III. This perfect manhood is the possession of all who are in Christ.

The fulness of Christ is the fulness which belongs to Him, or that of which He is full. All which He is and has is to be poured into His servants, and when all this is communicated to them the goal will be reached. We shall be full-grown men, and more wonderful still, we all shall make one perfect man, and individual completenesses will blend into that which is more complete than any of these, the one body, which corresponds to the measure of the stature of the fulness of Christ.

This is the goal of humanity in which, and in which alone, the dreams of thinkers about perfectibility will become facts, and the longings that are deeply rooted in every soul will find their fulfilment. By our personal union with Jesus Christ through faith, our individual perfection, both in the sense of maturity and in that of the realisation of ideal manhood, is assured, and in Him the race, as well as the individual, is redeemed, and will one day be glorified. The Utopias of many thinkers are but partial and distorted copies of the kingdom of Christ. The reality which He brings and imparts is greater than all these, and when the New Jerusalem comes down out of heaven, and is planted on the common earth, it will outvie in lustre and outlast in permanence all forms of human association. The city of wisdom which was Athens, the city of power which was Rome, the city of commerce which is London, the city of pleasure which is Paris, 'pale their ineffectual fires' before the city in the light whereof the nations should walk.

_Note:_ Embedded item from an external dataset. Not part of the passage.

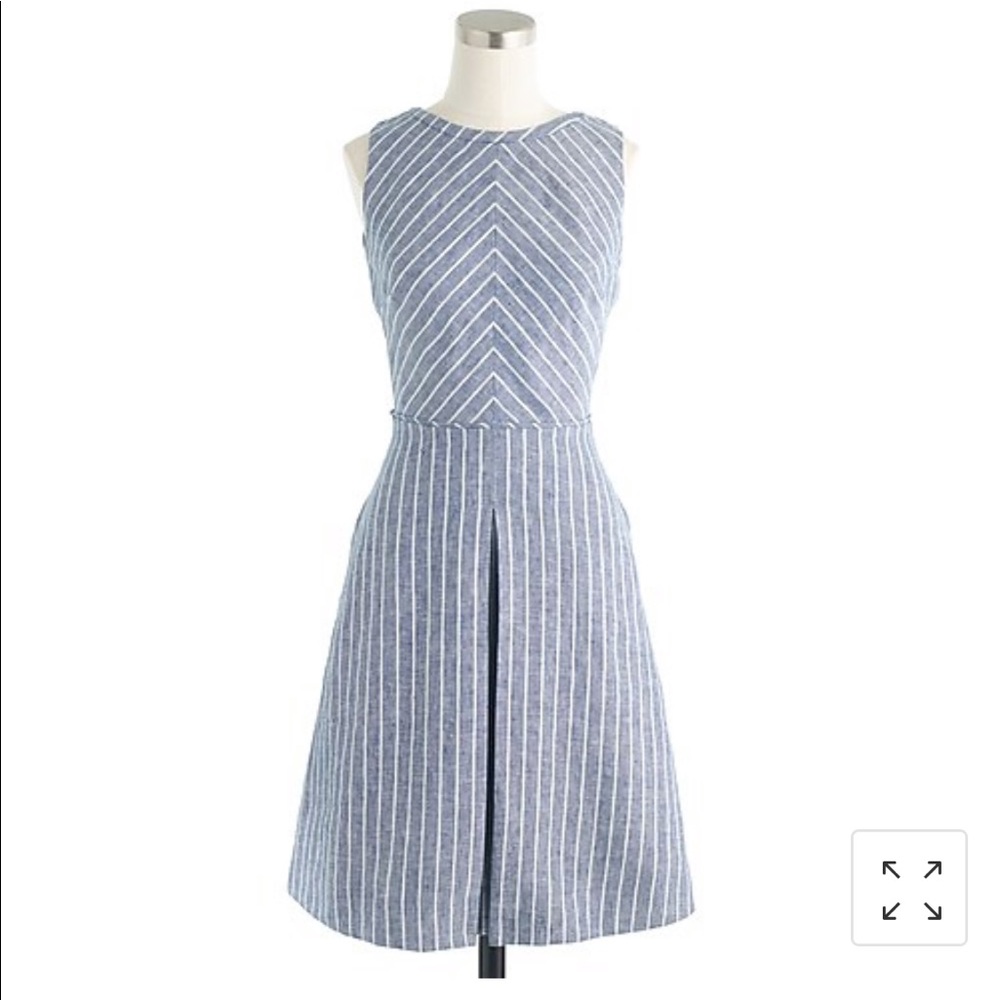 J.Crew Chevron Chambray Dress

The beginning of the process, of which the end is this inconceivable participation in the glory of Jesus, is simple trust in Him. 'He that is joined to the Lord is one spirit,' and he who trusts in Him, loves Him, and obeys Him, is joined to Him, and thereby is started on a course which never halts nor stays so long as the faith which started him abides, till he 'grows up into Him in all things which is the head, even Christ.' The experience of the Christian life as God means it to be, and by the communication of His grace makes it possible for it to become, is like that of men embarked on some sun-lit ocean, sailing past shining headlands, and ever onwards, over the boundless blue, beneath a calm sky and happy stars. The blissful voyagers are in full possession at every moment of all which they need and of all of His fulness which they can contain, but the full possession at every moment increases as they, by it, become capable of fuller possession. Increasing capacity brings with it increasing participation in the boundless fulness of Him who filleth all in all.